Nataliya Davydova

Personal information
- Born: 22 July 1985 (age 40) Sherlovaya Gora, Zabaykalsky Krai, Russian SFSR, Soviet Union

Medal record
Women's Weightlifting
Representing Ukraine
Olympic Games
| Disqualified | 2008 Beijing | – 69 kg |
World Championships
| Bronze medal – third place | 2007 Chiang Mai | – 69 kg |
European Championships
| Silver medal – second place | 2006 Wladyslawowo | – 69 kg |
| Bronze medal – third place | 2005 Sofia | – 69 kg |
| Bronze medal – third place | 2007 Strasbourg | – 69 kg |

= Nataliya Davydova =

Ukrainian weightlifter (born 1985)

Nataliya Anatoliyivna Davydova (Наталія Анатоліївна Давидова) (born 22 July 1985 in Sherlovaya Gora, Chita Oblast, Russian SFSR, Soviet Union) is a Ukrainian weightlifter.

==Career==
She won the bronze medal in the 69 kg category at the 2005 Junior World Championships, with a total of 233 kg.
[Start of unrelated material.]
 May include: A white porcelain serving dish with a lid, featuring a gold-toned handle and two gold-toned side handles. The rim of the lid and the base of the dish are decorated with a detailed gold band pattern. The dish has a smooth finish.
At the 2005 World Weightlifting Championships she ranked 7th in the 69 kg category, and at the 2006 World Weightlifting Championships she ranked 4th in the same category, lifting a total of 237 kg.

Davydova won bronze medal at the 2007 World Weightlifting Championships in the 69 kg category, with a total of 244 kg.

At the 2008 Summer Olympics she was initially awarded the bronze medal in the 69 kg category, with a total of 250 kg. On 17 November 2016 the IOC disqualified Davydova from the 2008 Olympic Games, stripped her Olympic medal and struck her results from the record for failing a drugs test in a re-analysis of her doping sample from 2008.